* **EXERCISE MATERIAL**
⁂

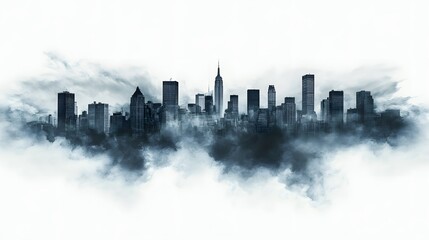 Obraz premium City Skyline Emerging from Fog on White Background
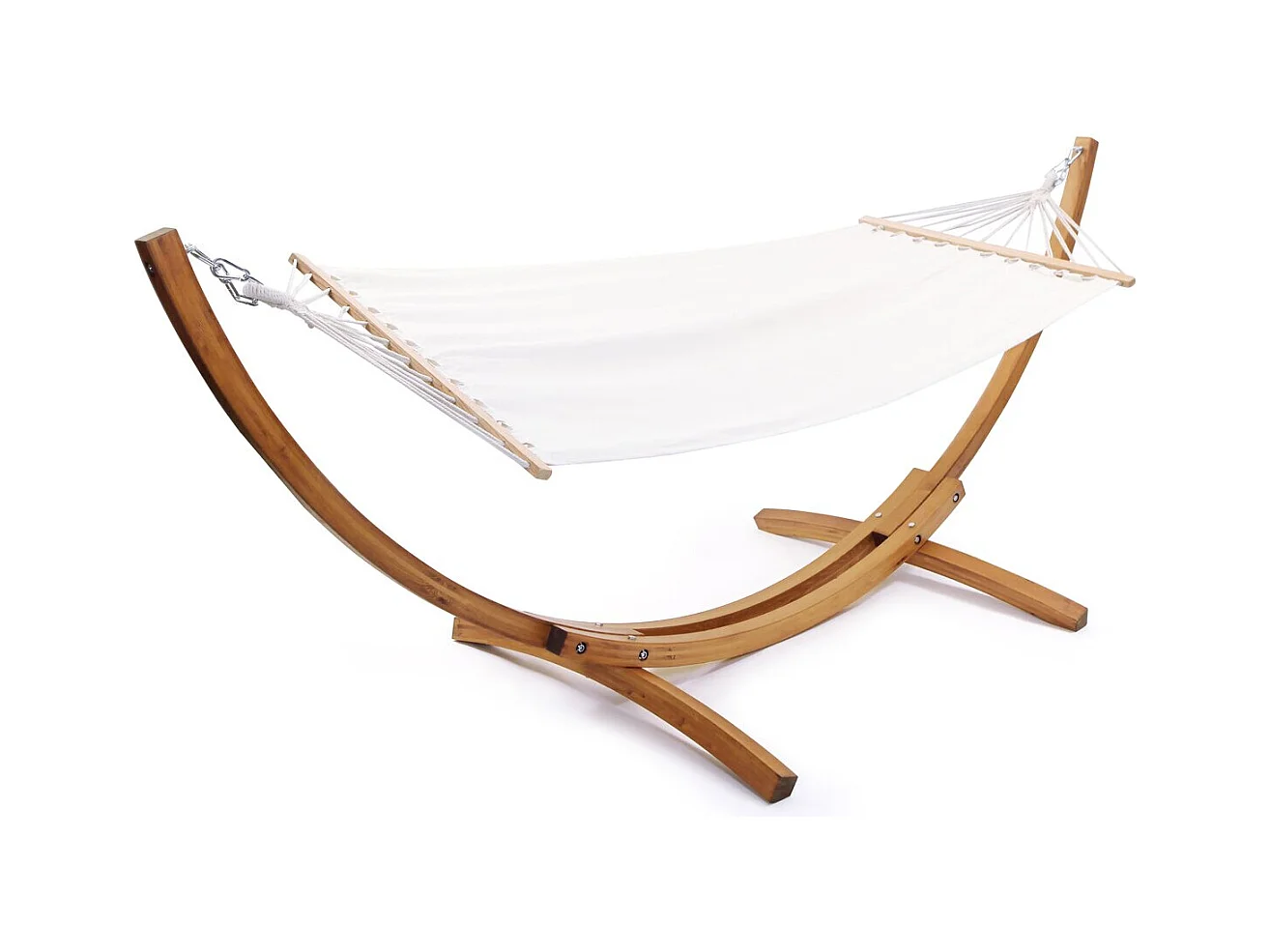 Hamac bois avec toile en coton "Dallas" - 3 m - Ecru
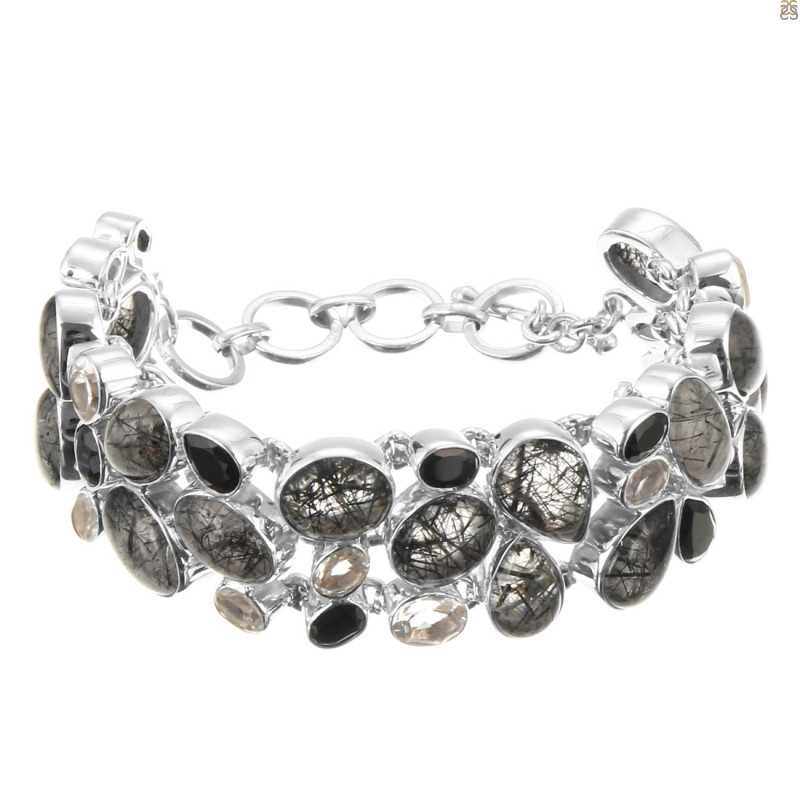 Black Rutile/Black Spinel/White Topaz Bracelet-BJ BRL-11-14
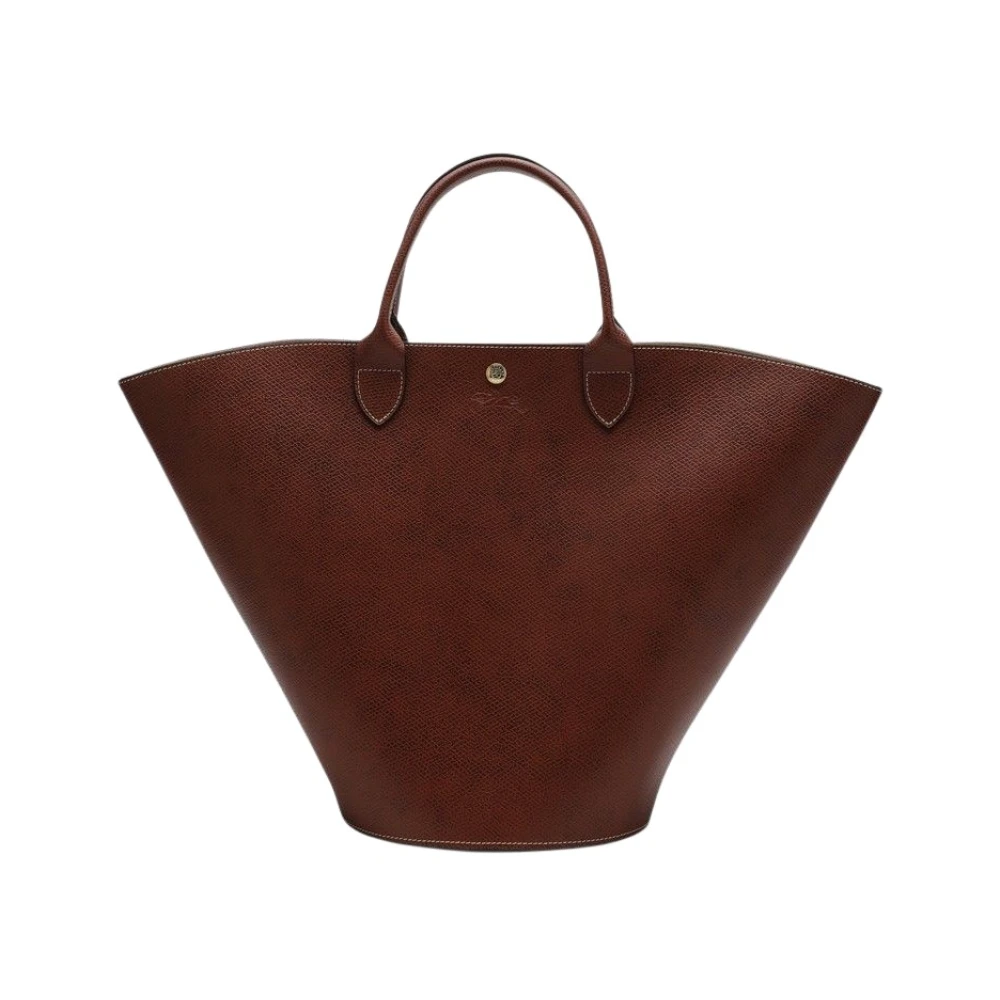 Longchamp Women's Brown Grainy Leather Tote - Shopping Bags - One Size - Bags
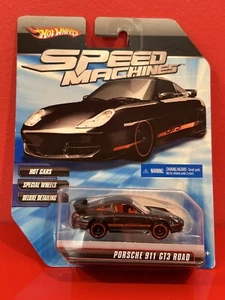2010 Hot Wheels Speed Machines BLACK PORSCHE 911 GT3 ROAD - Picture 1 of 7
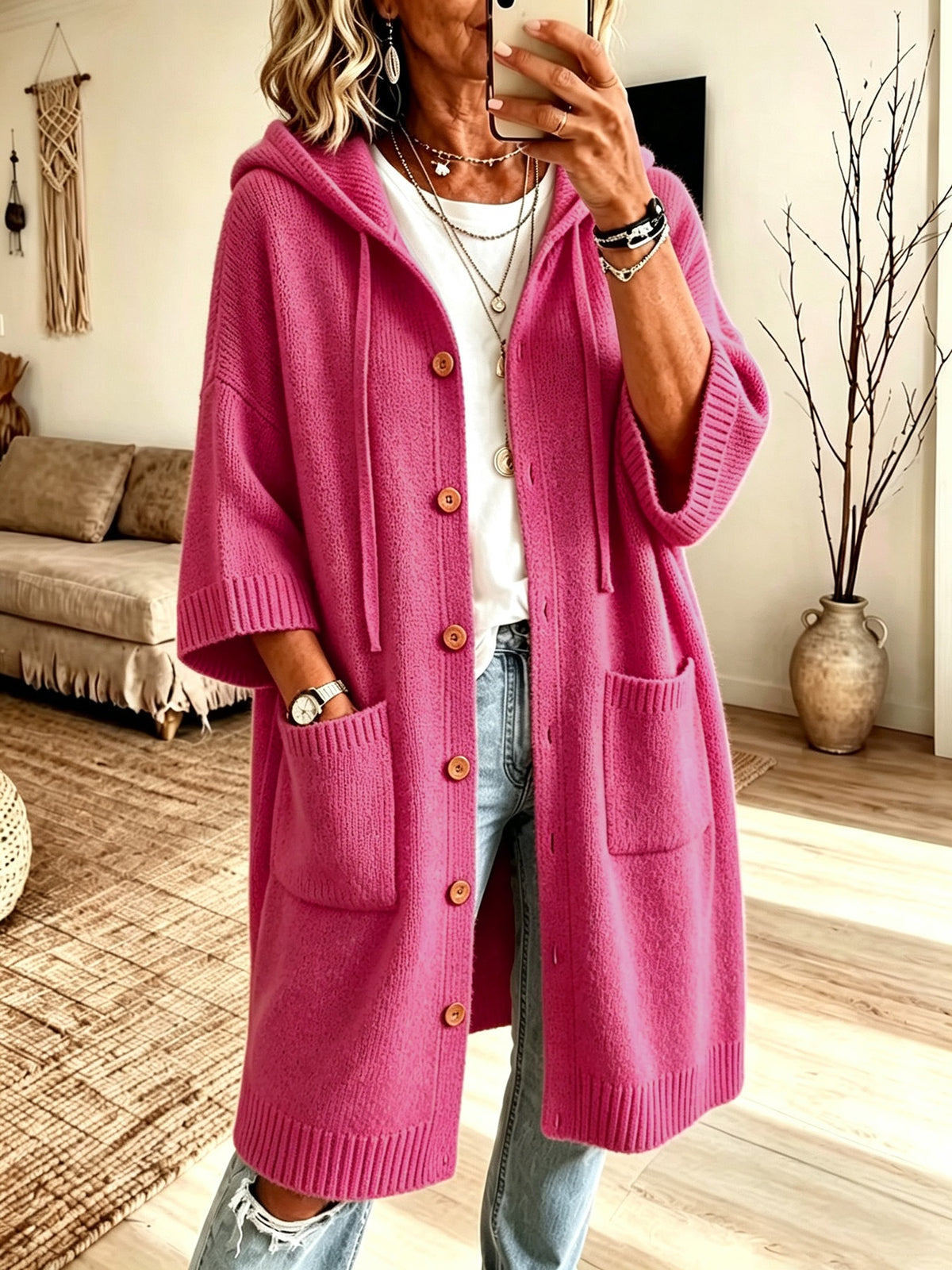 Goddess Cozy Hooded Knit Cardigan Coat - sleeve detail
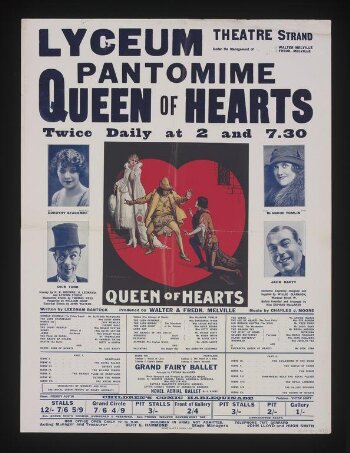 Poster advertising the pantomime <i>Queen of Hearts,</i> Lyceum Theatre, Strand, London, December 1927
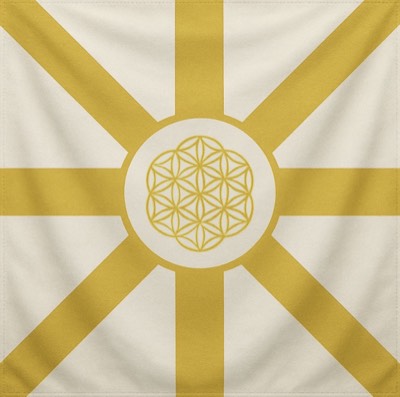 The flag of the Nation of Light: eight gold rays around a circle on cream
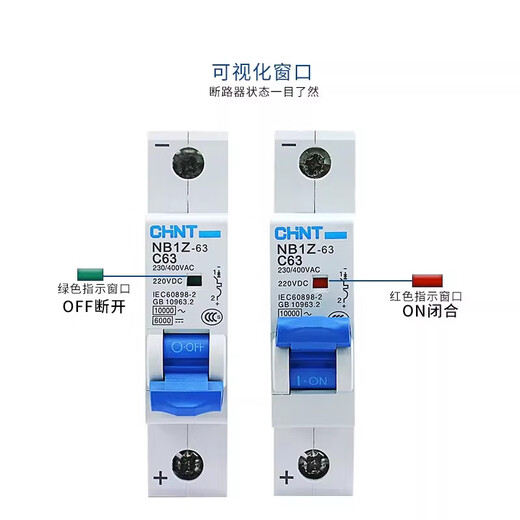 正泰（CHNT）直流空气开关NB1Z-63空开1p断路器2p 12v 24v电动车专用60伏 2P 10A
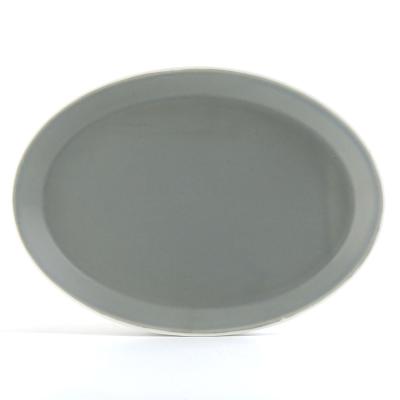 China 13 Inch Sustainable Custom Design Oval Ceramic Porcelain Dish Dish For Restaurant Hotel for sale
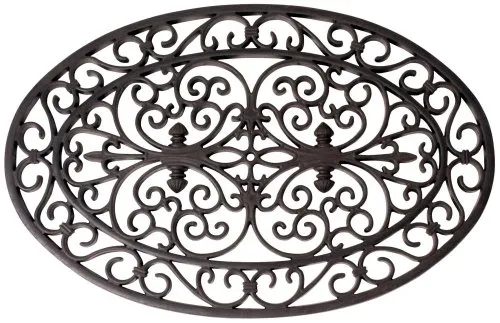 Esschert Design Gummi Fußmatte oval 70x46cm, RB05, Gummi, 70x44x1,5 -, schwarz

⁂

* **DESCRIPTION OF THE TASK**
Where a picture appears in the records above, omit it, and transcribe exactly the stretch of lines from the one with "2010 Hot Wheels" through the one with "China 13 Inch".

* **WORKED SOLUTION**
2010 Hot Wheels Speed Machines BLACK PORSCHE 911 GT3 ROAD - Picture 1 of 7
 Goddess Cozy Hooded Knit Cardigan Coat - sleeve detail
 Poster advertising the pantomime <i>Queen of Hearts,</i> Lyceum Theatre, Strand, London, December 1927
 The flag of the Nation of Light: eight gold rays around a circle on cream
 正泰（CHNT）直流空气开关NB1Z-63空开1p断路器2p 12v 24v电动车专用60伏 2P 10A
 China 13 Inch Sustainable Custom Design Oval Ceramic Porcelain Dish Dish For Restaurant Hotel for sale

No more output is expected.